Aosta - Bei schlechtem Wetter sind am Monte Rosa drei Bergsteiger ums Leben gekommen, ein vierter Mann liegt im Krankenhaus. Ihre Identität ist noch unklar.

Mindestens drei Bergsteiger sind am Freitag bei einem schweren Unfall am Monte Rosa im Aostatal ums Leben gekommen. Nach Berichten der italienischen Nachrichtenagentur Ansa stürzten die Menschen bei extrem schlechtem Wetter auf einer Höhe von 3900 Metern etwa 300 Meter in die Tiefe. Ein vierter Bergsteiger sei in ein Krankenhaus in Aosta gebracht worden.

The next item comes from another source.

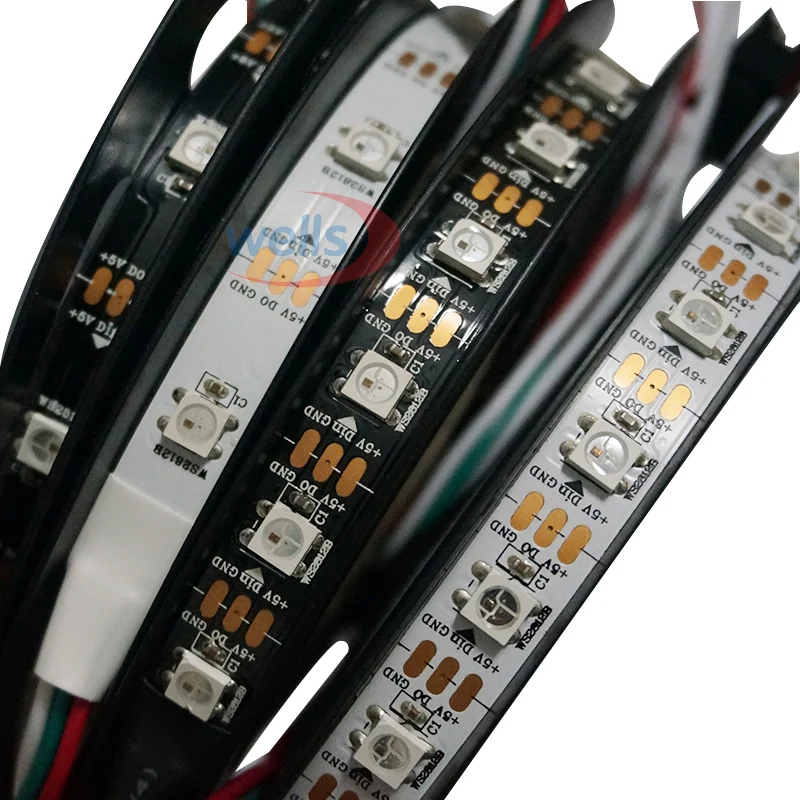 Умная Светодиодная лента WS2812B 5 м/лот DC5V 30/60 пикселей/светодиодов/м WS2812 ICWS2812B/m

Die Rettungseinheiten gingen davon aus, dass Nebel die Unglücksursache war, erklärte der Chef der Bergwache Aostatal, Alessandro Cortonovis, der die Bergungsoperation koordiniert. Über die Identität der Alpinisten wurde bisher nichts bekannt.

Das Gebirgsmassiv des Monte Rosa gehört zu den Walliser Alpen und liegt zwischen der Schweiz und Italien. Der italienische Zivilschutz habe auch auf dem Mont Blanc, Europas höchstem Gipfel, zwei Bergsteiger in Schwierigkeiten entdeckt. Wie italienische Medien berichteten, erschwerten auch dort, ähnlich wie auf dem Monte Rosa, schlechte Wetterverhältnisse die Rettungsarbeiten.